▶ **Required work**
For the copy, please give all of the data again exactly and leave the pictures out.
--- Source information Enclosed Below ---
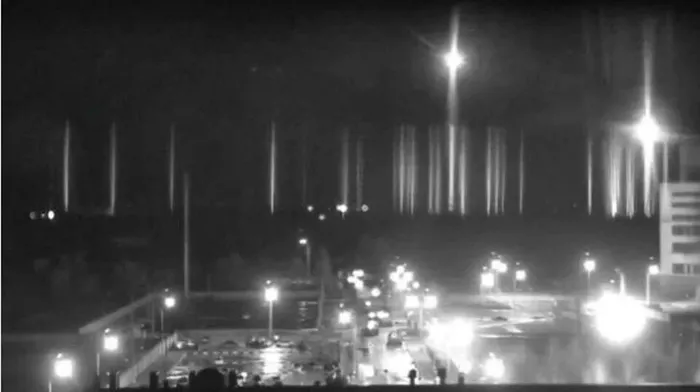 Ukrayna’da nükleer santrale saldırı! Santralin yakınındaki Türk yaşananları anlattı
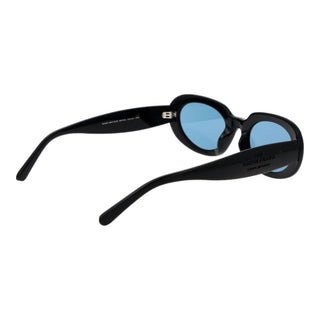 Gafas de sol de plástico negro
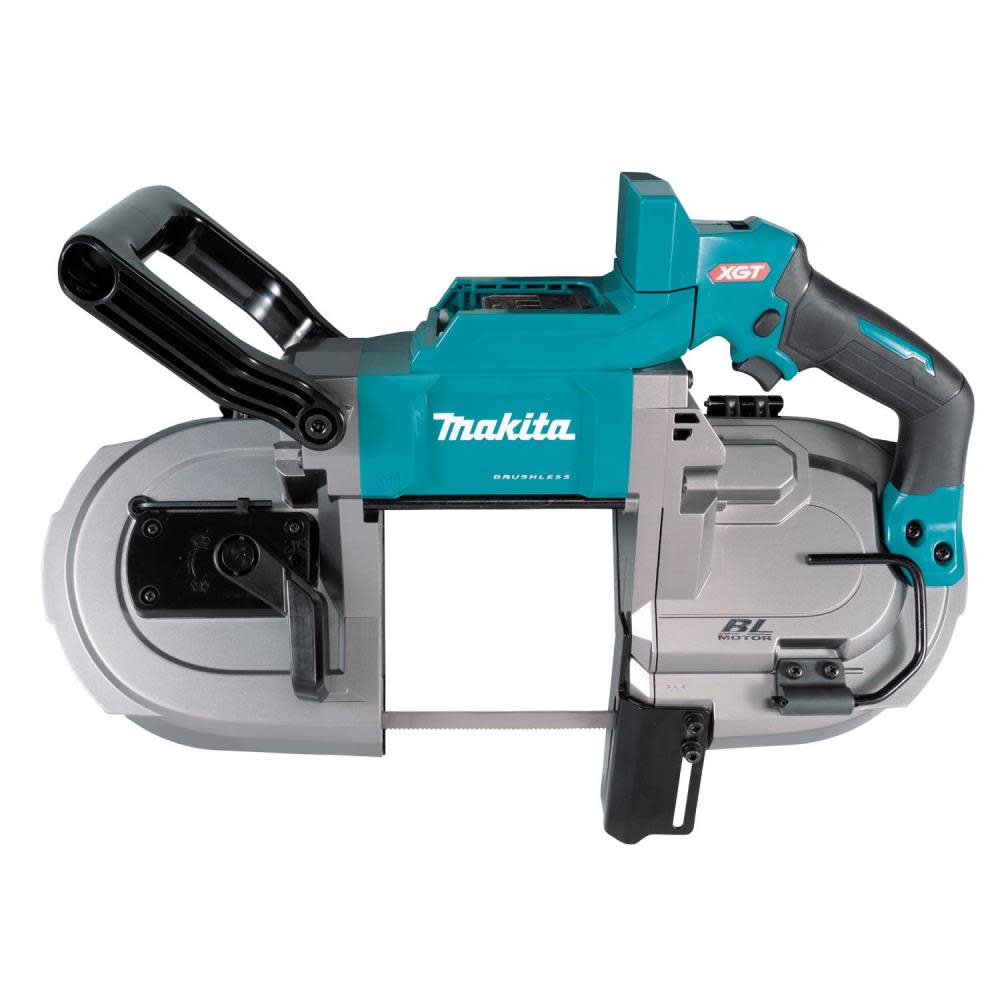 Makita 40V max XGT Deep Cut Portable Band Saw Bare Tool - Ascmtools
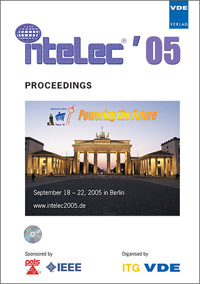 Intelec '05 - Telecommunications Conference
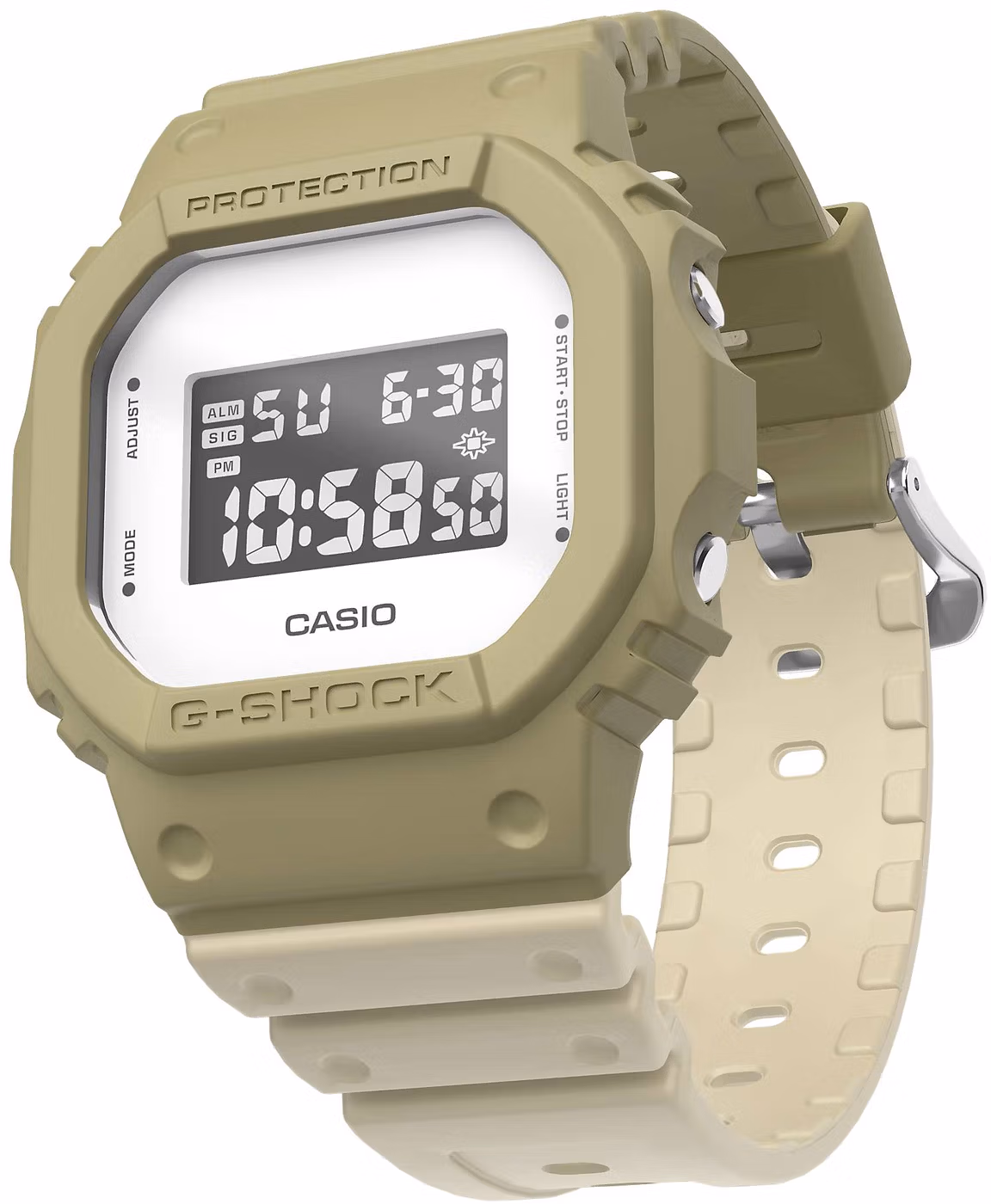 Casio DWE-5610-TANOSHII-FIELD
--- End of Enclosed Source information ---
▶ **Answer to this problem**
 Ukrayna’da nükleer santrale saldırı! Santralin yakınındaki Türk yaşananları anlattı
 Gafas de sol de plástico negro
 Makita 40V max XGT Deep Cut Portable Band Saw Bare Tool - Ascmtools
 Intelec '05 - Telecommunications Conference
 Casio DWE-5610-TANOSHII-FIELD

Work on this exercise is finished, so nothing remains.